KIP 286: Permissionless Validator Lifecycle
| Author | Lewis, Ian, Ollie, Lake, and Joseph |
|---|---|
| Discussions-To | https://github.com/kaiachain/kips/issues/86 |
| Status | Draft |
| Type | Core |
| Created | 2026-01-19 |
| Requires | 227 |
Abstract
This KIP introduces an automatic state transition framework for candidates and validators in the permissionless Kaia network. It defines 9 states (4 candidate states, 5 validator states) and their allowed transitions, enabling decentralized validator lifecycle management without manual intervention from the Kaia team.
Motivation
The current Kaia network operates in a permissioned manner where the Kaia team manually manages validator states. As the network transitions to permissionless operation, an automatic state management system becomes necessary.
With KIP-227 introducing VRank for quantitative evaluation of validators, this KIP establishes the state machine that governs:
- How candidates join the network through a VRank testing
- How validators participate in consensus based on stake ranking
- How validators are paused or removed upon VRank violations
- How validators can voluntarily exit or perform maintenance
This framework enables trustless validator lifecycle management while maintaining network stability through structured state transitions.
Specification
Parameters
The following parameters are used in this KIP:
| Parameter | Description | Sample Value |
|---|---|---|
MaxValidatorCount |
Maximum number of validators across all validator states (ValActive, ValReady, ValInactive, ValPaused, ValExiting) | 100 |
ActiveValidatorCount |
Number of top-staked validators that is in ValActive, ValPaused when epoch starts |
50 |
MaxReadyCandidateCount |
Maximum number of candidates that can be in CandReady |
3 |
MinStake |
Minimum staking amount required to enter the consensus | 5,000,000 KAIA |
ValPausedTimeout |
Maximum duration a validator can remain in ValPaused before transitioning to ValInactive |
8 hours |
ValIdleTimeout |
Maximum duration a validator can remain in ValInactive or ValReady before transitioning to CandInactive |
30 days |
ValPausedSlotLimit |
Maximum number of validators that can be in ValPaused |
2*F / 5, where F is the byzantine fault tolerance factor |
ValExitingSlotLimit |
Maximum number of validators that can be in ValExiting |
2*F / 5, where F is the byzantine fault tolerance factor |
VRankEpoch (Epoch) |
Epoch interval for vrank | 86400 |
Overview
The framework defines 9 states divided into two categories:
- Candidate States: Unknown (placeholder), CandInactive, CandReady, CandTesting
- Validator States: ValActive, ValReady, ValInactive, ValPaused, ValExiting
State transitions may occur either at epoch interval or at arbitrary blocks. Any event that occurred at block N and requires a state transition must take effect starting from block N+1, and all state transitions must ensure block-level atomicity. For example, if a validator in ValActive state requests a transition to ValPaused at block N, the validator remains in ValActive for all state reads at block N and transitions to ValPaused starting from block N+1.

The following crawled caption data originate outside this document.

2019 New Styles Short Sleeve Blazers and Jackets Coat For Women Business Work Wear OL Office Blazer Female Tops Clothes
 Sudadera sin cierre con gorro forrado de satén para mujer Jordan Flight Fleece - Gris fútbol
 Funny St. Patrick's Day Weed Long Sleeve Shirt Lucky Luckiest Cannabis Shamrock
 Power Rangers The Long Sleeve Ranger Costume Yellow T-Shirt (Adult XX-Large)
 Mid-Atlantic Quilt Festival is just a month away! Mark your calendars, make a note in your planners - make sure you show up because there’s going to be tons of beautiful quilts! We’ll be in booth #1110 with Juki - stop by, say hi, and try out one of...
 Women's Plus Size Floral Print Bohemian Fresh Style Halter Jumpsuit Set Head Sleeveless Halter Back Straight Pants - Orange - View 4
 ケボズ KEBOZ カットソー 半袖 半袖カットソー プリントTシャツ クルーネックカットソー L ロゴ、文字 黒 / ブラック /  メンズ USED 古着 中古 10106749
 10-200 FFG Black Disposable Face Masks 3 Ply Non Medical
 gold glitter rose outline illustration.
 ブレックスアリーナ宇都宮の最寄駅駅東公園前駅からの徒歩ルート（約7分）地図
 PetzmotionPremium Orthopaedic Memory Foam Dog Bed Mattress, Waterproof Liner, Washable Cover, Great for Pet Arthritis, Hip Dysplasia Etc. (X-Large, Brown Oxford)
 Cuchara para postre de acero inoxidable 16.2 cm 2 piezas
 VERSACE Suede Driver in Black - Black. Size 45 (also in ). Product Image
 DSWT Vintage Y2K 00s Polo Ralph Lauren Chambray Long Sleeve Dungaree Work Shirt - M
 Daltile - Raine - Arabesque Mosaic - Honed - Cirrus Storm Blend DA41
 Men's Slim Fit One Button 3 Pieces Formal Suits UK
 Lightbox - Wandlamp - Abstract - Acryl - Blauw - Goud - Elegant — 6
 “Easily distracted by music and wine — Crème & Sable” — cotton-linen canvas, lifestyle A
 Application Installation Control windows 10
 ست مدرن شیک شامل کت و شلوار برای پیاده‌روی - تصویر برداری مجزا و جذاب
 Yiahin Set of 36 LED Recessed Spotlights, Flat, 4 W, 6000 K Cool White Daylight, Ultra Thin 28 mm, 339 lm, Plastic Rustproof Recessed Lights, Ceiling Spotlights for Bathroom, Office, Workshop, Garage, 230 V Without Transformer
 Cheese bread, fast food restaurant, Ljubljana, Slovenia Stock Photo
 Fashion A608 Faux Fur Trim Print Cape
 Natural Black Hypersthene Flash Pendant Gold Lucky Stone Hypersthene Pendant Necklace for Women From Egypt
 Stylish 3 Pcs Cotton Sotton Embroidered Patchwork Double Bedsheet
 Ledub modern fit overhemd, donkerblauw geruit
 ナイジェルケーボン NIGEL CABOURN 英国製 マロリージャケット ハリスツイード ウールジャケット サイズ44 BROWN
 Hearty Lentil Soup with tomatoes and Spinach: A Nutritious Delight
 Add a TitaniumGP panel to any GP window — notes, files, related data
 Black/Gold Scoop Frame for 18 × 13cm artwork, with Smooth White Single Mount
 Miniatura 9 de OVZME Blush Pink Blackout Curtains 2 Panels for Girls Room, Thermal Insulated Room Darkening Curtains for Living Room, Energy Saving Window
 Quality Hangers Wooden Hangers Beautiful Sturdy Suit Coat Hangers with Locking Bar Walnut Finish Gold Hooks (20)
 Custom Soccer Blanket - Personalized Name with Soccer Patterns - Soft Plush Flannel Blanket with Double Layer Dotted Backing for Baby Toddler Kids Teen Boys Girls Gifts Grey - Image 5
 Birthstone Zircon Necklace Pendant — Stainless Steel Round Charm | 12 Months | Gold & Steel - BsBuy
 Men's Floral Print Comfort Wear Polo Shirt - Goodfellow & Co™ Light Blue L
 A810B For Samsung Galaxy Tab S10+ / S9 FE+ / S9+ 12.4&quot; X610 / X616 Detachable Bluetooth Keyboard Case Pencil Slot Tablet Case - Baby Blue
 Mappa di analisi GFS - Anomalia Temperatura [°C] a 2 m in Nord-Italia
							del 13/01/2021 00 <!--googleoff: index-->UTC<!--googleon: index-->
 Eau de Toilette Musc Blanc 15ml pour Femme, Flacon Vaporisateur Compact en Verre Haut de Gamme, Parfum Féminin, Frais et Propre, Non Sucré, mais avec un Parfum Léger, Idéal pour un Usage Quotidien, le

Only validators in ValActive state participate in consensus and receive rewards. The active validator set consists of the top 50 validators by staking amount at the epoch interval block.
Idle Timer: Validators in ValInactive or ValReady states are subject to ValIdleTimeout. The idle timer accumulates across both states and only resets when the validator transitions to CandInactive or ValActive. Transitions between ValInactive and ValReady do not reset the timer. This mechanism prevents a validator from remaining indefinitely in the ValInactive/ValReady states.
Candidate States
| State | Description |
|---|---|
| Unknown | Conceptual state representing entities not registered in the system. |
| CandInactive | Candidate not ready to participate in VRank testing at the next epoch. |
| CandReady | Candidate has signaled readiness to participate in VRank testing at the next epoch. |
| CandTesting | Candidate undergoing VRank testing to prove infrastructure reliability. |
Validator States
| State | Description |
|---|---|
| ValActive | Active validator participating in consensus and earning rewards (= committee). Must be in top 50 by staking amount. |
| ValReady | Validator has signaled readiness to become ValActive. Waiting for top 50 position. |
| ValInactive | Inactive validator not participating in consensus. Need to signal readiness or exit to avoid timeout. |
| ValPaused | Validator in maintenance/recovery mode. May be voluntary or forced by VRank violation. |
| ValExiting | Transitional state for current epoch. Becomes ValInactive at next epoch. |
State Transitions
State transitions are categorized by timing:
- Epoch Interval: Evaluated and executed when the new epoch starts only
- Anytime: Can occur immediately upon transaction during any block
Transition Conditions
The User tx is a transaction initiated by the user, while System tx is a system operation initiated by the core client, which follows the same convention as EIP-4788.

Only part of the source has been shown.